■ Input data ■
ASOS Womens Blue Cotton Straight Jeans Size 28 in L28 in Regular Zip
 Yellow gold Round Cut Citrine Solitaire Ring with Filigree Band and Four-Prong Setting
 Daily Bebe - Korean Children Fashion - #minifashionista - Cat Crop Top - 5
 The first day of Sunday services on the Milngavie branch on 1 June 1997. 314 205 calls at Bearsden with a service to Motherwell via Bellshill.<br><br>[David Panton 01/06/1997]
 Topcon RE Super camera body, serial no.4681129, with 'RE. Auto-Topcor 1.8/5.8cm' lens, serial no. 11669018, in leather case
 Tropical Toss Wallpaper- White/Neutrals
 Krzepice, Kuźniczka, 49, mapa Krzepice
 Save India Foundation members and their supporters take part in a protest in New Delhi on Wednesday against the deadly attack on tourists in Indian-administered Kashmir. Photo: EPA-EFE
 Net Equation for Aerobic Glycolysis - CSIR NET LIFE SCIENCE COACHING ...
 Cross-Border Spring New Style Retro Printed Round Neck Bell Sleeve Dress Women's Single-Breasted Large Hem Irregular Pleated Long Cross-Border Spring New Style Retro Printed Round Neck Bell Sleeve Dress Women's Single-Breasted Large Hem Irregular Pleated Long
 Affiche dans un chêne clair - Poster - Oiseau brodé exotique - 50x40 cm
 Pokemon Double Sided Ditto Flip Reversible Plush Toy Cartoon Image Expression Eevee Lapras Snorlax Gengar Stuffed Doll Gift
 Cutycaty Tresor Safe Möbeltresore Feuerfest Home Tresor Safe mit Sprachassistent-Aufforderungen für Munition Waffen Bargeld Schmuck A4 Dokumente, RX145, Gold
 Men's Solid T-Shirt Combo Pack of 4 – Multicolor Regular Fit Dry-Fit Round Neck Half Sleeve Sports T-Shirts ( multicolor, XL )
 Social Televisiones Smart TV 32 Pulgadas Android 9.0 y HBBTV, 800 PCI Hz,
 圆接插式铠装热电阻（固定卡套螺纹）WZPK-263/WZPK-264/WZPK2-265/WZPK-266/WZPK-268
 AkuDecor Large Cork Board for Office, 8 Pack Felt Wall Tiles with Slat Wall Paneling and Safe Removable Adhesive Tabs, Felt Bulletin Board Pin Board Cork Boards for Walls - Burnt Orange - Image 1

■ Work to complete ■
Write down again the exact lines running from the beginning of the data to the line containing "Save India Foundation", with both ends included.

■ Written response ■
ASOS Womens Blue Cotton Straight Jeans Size 28 in L28 in Regular Zip
 Yellow gold Round Cut Citrine Solitaire Ring with Filigree Band and Four-Prong Setting
 Daily Bebe - Korean Children Fashion - #minifashionista - Cat Crop Top - 5
 The first day of Sunday services on the Milngavie branch on 1 June 1997. 314 205 calls at Bearsden with a service to Motherwell via Bellshill.<br><br>[David Panton 01/06/1997]
 Topcon RE Super camera body, serial no.4681129, with 'RE. Auto-Topcor 1.8/5.8cm' lens, serial no. 11669018, in leather case
 Tropical Toss Wallpaper- White/Neutrals
 Krzepice, Kuźniczka, 49, mapa Krzepice
 Save India Foundation members and their supporters take part in a protest in New Delhi on Wednesday against the deadly attack on tourists in Indian-administered Kashmir. Photo: EPA-EFE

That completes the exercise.